Michael Morake Rabanye (13 March 1944 - 10 October 2010), known professionally as Rex Rabanye, was a South African jazz, fusion and soulful pop musician.

==Early life==
He was born in Potchefstroom. He studied under B Luris at North-West University. He learned to play the keyboards from his father, Samuel Rabanye at the age of fifteen.

==Career==
To the south west of Johannesburg, Ikageng produced a soul band called the Teenage Lovers. Rabanye waswas Ikageng's response to Alexandra's Sankie Chounyane. His beehive organ sound earned him millions of fans around the country.

After going solo, Rex Rabanye released "O Nketsang" and "Moya Moya". Rabanye's paintings are exhibited on the walls of the African Methodist Church in Ikageng. In the late 80s he moved from to Mmabatho near Mafikeng, where he relaunched his musical career. His other albums include Somlandela, Campus Mood and Stop Nonsons.

In his later years his health deteriorated and he lost his hearing. During SAMA 12 he was honoured with a Lifetime Achievement award.

He was in a wheelchair receiving the award.

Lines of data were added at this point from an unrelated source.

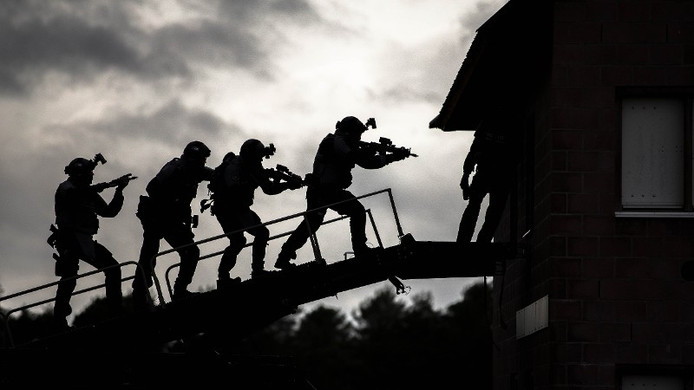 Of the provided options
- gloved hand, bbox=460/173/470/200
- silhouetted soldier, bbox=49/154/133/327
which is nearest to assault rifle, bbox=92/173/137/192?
silhouetted soldier, bbox=49/154/133/327

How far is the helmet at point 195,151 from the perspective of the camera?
64.0 feet

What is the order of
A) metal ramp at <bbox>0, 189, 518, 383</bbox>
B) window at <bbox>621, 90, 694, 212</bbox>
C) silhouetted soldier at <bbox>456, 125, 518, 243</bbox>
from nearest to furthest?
1. window at <bbox>621, 90, 694, 212</bbox>
2. metal ramp at <bbox>0, 189, 518, 383</bbox>
3. silhouetted soldier at <bbox>456, 125, 518, 243</bbox>

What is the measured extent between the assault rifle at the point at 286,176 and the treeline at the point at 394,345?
64445 millimetres

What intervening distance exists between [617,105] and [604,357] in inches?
121

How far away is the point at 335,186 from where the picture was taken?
19.3 metres

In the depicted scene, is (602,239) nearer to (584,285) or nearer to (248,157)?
(584,285)

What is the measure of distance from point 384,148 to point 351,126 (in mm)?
510

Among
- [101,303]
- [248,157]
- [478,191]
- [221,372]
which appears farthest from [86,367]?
[101,303]

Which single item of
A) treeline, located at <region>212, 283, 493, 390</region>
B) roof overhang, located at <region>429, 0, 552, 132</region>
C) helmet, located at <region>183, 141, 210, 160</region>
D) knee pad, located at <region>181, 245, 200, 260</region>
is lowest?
knee pad, located at <region>181, 245, 200, 260</region>

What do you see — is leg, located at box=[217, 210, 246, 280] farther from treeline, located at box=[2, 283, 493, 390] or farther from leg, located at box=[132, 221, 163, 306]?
treeline, located at box=[2, 283, 493, 390]

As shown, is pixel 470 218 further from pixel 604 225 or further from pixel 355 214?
pixel 604 225

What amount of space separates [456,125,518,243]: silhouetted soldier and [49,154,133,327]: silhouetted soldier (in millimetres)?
4780

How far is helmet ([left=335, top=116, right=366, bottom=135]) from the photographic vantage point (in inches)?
770

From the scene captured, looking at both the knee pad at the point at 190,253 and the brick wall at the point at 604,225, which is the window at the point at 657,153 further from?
the knee pad at the point at 190,253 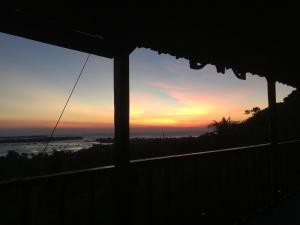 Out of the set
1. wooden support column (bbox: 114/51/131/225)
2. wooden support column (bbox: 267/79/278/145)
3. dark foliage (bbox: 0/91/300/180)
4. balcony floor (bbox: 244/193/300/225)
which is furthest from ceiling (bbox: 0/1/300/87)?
dark foliage (bbox: 0/91/300/180)

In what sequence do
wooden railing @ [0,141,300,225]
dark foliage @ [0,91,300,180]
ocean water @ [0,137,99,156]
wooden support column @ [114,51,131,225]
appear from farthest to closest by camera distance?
dark foliage @ [0,91,300,180] → ocean water @ [0,137,99,156] → wooden support column @ [114,51,131,225] → wooden railing @ [0,141,300,225]

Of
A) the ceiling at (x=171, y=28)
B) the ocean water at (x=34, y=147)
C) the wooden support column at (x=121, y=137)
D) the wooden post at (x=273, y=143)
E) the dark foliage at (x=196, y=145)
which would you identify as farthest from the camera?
the dark foliage at (x=196, y=145)

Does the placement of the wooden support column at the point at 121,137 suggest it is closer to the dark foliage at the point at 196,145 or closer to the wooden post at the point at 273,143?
the wooden post at the point at 273,143

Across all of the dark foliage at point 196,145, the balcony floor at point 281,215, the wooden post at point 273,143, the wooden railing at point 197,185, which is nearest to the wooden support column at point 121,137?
the wooden railing at point 197,185

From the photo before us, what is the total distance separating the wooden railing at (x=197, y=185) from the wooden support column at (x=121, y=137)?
0.06 metres

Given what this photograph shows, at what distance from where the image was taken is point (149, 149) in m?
24.2

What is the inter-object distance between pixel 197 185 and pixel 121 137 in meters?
1.45

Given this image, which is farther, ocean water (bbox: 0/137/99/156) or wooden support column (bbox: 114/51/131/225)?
ocean water (bbox: 0/137/99/156)

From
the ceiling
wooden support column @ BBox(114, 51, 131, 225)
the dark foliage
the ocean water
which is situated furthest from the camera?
the dark foliage

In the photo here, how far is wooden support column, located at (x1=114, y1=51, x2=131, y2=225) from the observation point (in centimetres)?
258

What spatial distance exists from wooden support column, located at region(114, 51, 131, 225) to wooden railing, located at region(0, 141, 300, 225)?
0.06m

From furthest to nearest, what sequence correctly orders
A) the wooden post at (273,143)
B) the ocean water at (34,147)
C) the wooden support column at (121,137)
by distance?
the wooden post at (273,143) → the ocean water at (34,147) → the wooden support column at (121,137)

He was a founding member of the Teenage Lovers in the late 1960s. The band consisted of Rabanye (keyboardist), Dan Mangwele (guitarist), Toto Rabanye (bass), Boy (saxophonist) and Victor Masigo (drummer). Lawrence 'Sackey' Goreoang was a guitarist in the band and later joined a rival band (The Question Marks) that he founded. The Teenage Lovers made platinum hits such as "Botany 500", "Trinity", "Mmabatho", and "Potchefstroom Road". When the Teenage Lovers disbanded Rabanye went solo, he conceived platinum-selling albums including Onketsang (1986) and Moya Moya (1987). "Onketsang" remains a favourite song during African Weddings throughout South Africa and neighbouring countries.
==Personal life==
He married Achu Rabanye and they had 1 son, 2 daughters.

==Death==
He died on 10 October 2010 at his home in Potchefstroom after battling a lifelong illness.

==Recognition==
Rex has received many awards in recognition for his contribution to the music industry, one being the South African Music Awards lifetime achievement award during the 2006 MTN SAMA's.

==Discography==
===Studio albums===
- Moya-Moya (1986)
- O Nketsang (1986)
- Stôp Nônsôns (1986)
- Moya-Moya (1986)
- Somlandela (1987)
- Campus Mood (1988)
- There's Nothing For Mahala (2007)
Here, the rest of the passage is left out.